Detection of the weaknesses is critical step in the test process. Codenomicon platform has the capability to integrate to Microsoft and third party tools for vulnerability detection, execute external commands and user-built batch scripts that assist in bug detection at every stage in the test execution cycle, and in different stages of individual test cases. These can be utilized to find out additional information of the tested SW during the tests, and to e.g. restart the SW in failure situations or to generate bug tracker issues for findings.

Most important factor in testing is the reporting and reproduction of the discovered issues. Reporting needs to be detailed for the developers to understand the issue, and after correction the issue must be reproduced to verify the correction. Codenomicon tests are fully reproducible, and detailed logs and reports are generated for all test cases and detected failures. Trend analysis helps to understand the SW quality trend, giving more confidence in the release decision of the software.

Integrate all used fuzzing tools into your regression test. Most tools can be configured in regression testing mode, to not only test the problems that were found in earlier steps of the verification phase, but also around those problems. For example, verifying a buffer overflow regression problem with only one regression test will not notice quick fixes where the buffer size was just increased to pass that one single test case. At minimum, the entire test group (a set of test cases with the same purpose) need to be executed in regression test suite.

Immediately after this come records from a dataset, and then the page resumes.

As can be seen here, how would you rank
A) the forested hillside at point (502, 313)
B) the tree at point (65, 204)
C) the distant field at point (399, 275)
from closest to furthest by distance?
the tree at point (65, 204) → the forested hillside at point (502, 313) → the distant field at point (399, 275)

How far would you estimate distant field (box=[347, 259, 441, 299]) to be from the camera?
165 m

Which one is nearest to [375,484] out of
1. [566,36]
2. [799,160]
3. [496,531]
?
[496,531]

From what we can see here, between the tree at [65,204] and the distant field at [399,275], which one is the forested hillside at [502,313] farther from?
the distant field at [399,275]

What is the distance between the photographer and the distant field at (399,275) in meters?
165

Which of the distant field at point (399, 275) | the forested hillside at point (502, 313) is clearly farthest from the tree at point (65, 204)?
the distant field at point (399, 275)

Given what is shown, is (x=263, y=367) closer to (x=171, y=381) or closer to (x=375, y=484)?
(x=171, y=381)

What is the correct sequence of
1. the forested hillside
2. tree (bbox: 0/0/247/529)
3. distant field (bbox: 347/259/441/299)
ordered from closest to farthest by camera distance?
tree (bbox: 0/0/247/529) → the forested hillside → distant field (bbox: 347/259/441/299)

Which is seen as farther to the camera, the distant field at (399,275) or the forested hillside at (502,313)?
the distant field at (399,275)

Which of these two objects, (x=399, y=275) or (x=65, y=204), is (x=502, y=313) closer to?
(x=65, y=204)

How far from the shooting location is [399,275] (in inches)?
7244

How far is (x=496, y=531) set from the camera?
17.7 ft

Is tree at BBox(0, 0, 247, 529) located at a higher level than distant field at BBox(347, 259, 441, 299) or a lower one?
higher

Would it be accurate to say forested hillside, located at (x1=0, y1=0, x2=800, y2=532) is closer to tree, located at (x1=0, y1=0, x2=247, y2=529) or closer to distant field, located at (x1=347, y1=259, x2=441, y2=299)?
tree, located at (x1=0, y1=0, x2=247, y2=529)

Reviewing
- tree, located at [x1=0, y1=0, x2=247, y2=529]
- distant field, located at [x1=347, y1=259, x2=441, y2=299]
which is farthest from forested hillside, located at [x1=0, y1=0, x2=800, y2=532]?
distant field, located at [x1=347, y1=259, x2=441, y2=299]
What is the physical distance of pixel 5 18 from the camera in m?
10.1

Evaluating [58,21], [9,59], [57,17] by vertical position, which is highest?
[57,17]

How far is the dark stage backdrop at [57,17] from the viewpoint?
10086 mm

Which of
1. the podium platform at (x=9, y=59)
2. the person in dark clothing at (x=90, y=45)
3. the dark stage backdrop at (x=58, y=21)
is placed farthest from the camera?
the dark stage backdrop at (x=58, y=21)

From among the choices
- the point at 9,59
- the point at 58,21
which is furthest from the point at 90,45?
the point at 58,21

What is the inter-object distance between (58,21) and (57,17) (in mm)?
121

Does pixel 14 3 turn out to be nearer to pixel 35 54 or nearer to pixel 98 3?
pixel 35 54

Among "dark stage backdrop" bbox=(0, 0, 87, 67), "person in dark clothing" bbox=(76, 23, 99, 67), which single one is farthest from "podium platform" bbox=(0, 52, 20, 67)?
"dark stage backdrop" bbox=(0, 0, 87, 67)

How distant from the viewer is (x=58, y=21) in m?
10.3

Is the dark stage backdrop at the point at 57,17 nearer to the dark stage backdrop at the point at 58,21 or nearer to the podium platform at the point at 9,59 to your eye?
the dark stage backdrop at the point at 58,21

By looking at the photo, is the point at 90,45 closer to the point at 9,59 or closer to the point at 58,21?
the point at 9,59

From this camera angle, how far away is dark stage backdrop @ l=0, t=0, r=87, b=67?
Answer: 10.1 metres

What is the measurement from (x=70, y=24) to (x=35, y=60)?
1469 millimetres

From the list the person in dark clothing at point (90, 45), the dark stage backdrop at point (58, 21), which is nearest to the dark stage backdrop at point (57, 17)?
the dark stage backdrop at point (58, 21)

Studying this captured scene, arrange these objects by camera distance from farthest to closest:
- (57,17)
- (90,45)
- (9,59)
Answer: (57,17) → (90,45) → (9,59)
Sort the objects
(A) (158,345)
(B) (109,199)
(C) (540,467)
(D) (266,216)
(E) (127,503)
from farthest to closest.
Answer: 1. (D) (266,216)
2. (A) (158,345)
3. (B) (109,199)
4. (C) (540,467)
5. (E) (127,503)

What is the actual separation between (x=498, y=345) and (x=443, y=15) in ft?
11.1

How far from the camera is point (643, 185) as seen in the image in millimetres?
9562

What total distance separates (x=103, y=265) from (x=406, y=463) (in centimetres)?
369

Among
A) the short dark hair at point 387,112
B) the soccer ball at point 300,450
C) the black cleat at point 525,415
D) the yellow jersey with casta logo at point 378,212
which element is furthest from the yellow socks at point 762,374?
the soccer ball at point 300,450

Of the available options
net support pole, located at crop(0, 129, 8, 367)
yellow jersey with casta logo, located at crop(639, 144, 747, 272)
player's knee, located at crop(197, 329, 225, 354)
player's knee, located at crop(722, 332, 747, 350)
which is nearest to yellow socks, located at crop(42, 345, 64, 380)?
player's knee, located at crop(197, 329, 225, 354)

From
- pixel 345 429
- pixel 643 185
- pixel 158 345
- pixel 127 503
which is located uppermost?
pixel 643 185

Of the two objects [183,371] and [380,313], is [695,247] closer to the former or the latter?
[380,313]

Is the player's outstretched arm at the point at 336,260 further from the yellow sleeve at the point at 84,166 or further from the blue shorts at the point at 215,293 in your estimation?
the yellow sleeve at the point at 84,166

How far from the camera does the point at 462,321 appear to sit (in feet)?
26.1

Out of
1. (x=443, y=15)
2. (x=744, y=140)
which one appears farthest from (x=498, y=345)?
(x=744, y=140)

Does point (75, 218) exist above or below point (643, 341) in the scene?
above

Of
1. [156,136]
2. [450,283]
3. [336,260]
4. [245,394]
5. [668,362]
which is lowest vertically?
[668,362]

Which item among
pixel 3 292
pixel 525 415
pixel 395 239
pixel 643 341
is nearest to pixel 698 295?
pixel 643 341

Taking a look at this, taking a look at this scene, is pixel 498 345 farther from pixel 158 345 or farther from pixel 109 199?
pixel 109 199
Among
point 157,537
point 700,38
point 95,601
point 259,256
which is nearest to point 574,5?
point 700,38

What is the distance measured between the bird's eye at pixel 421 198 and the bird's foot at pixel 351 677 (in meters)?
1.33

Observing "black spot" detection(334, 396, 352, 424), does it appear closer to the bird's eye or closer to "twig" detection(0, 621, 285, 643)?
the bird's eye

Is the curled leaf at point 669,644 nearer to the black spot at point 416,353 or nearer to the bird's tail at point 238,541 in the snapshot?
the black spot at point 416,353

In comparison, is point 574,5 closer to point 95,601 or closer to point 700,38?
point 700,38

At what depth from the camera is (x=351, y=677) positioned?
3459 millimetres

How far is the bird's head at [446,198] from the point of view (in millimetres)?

For testing any proprietary communication interface, look for the Codenomicon Traffic Capture Fuzzer: http://www.codenomicon.com/defensics/traffic-capture-fuzzer/

For testing any XML or SOAP interfaces or files, look for the Codenomicon Defensics for XML: http://www.codenomicon.com/defensics/xml/

For testing any industry standard communication interfaces in e.g. Web browsers or servers, Email clients or servers, or any other standard communication products, look for Codenomicon test suites for that communication domain: http://www.codenomicon.com/products/test-suites.shtml

Phase 5: Release

Background reading:
http://msdn.microsoft.com/en-us/library/cc307420.aspx

The FSR is the step where you review all the security activities completed in the previous phases of the SDL. In terms of fuzzing, the FSR is your opportunity to review the results of fuzzing in the verification phase.

Post-SDL Requirement: Response

Background reading:
http://msdn.microsoft.com/en-us/library/cc307411.aspx

Post-SDL activities including response and software maintenance can build up to be the biggest and most expensive part of any software lifecycle. Especially for operators and any big enterprise system customers, the maintenance phase is the most crucial part, with regression testing going on all the time and careful integration of new fixes and features to the system. This raises the importance of integrating used verification practices to Post-SDL requirements.

When responding to vulnerability disclosures by third parties, you need to be prepared to run third party fuzzing tool to reproduce the issues. Basic training on various types of fuzzers will help you analyze the findings and speed up the response process. Availability of Codenomicon Traffic Capture Fuzzer for all developers will allow them to not only test the reported vulnerabilities, but also test around them.

NOTES

This interpretation of the Microsoft SDL in regards to fuzzing was created by Codenomicon, and is based on Codenomicon's customer experiences regarding integration of fuzzing into various software development processes.